WORK ITEM ▸
Set down only these lines, exactly: the line containing "2023 Nissan Pathfinder SL Premium Package" and all lines through the end of the data below. Omit pictures.

GIVEN MATERIAL ▸
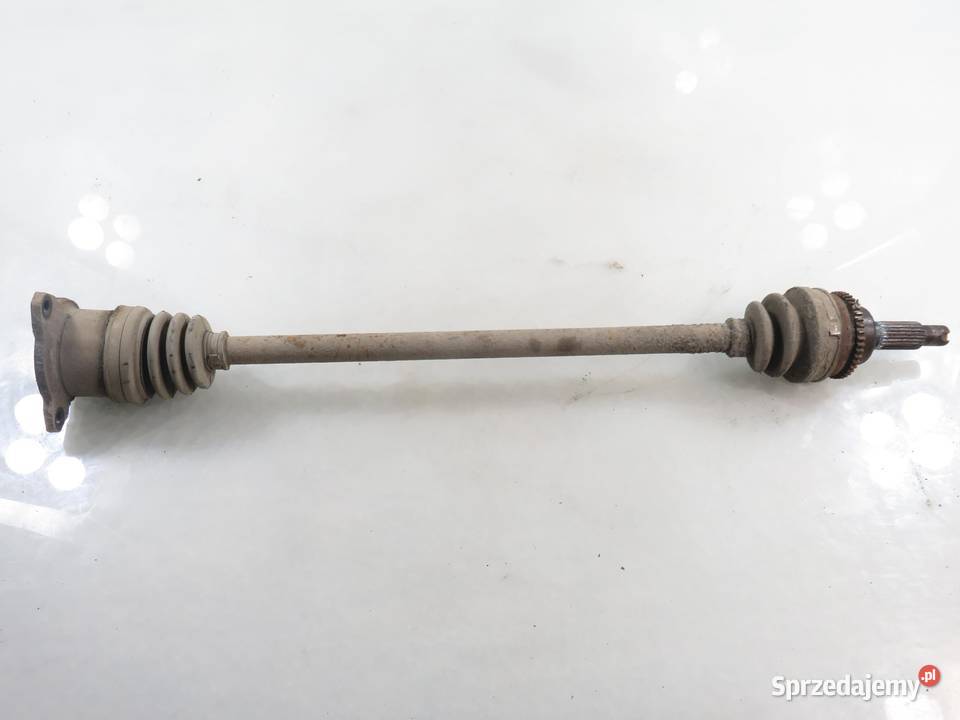 PÓŁOŚ PRAWA TYLNA SUZUKI SWIFT MK6 13 4x4 Układ napędowy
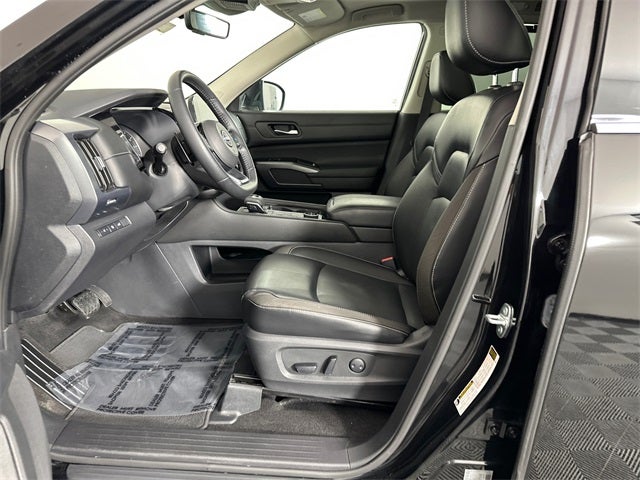 2023 Nissan Pathfinder SL Premium Package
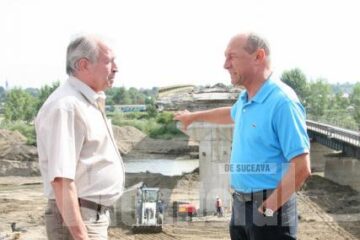 Traian Băsescu a inspectat, ieri, lucrările de reconstrucție a podului din localitatea Dornești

WORKED SOLUTION ▸
 2023 Nissan Pathfinder SL Premium Package
 Traian Băsescu a inspectat, ieri, lucrările de reconstrucție a podului din localitatea Dornești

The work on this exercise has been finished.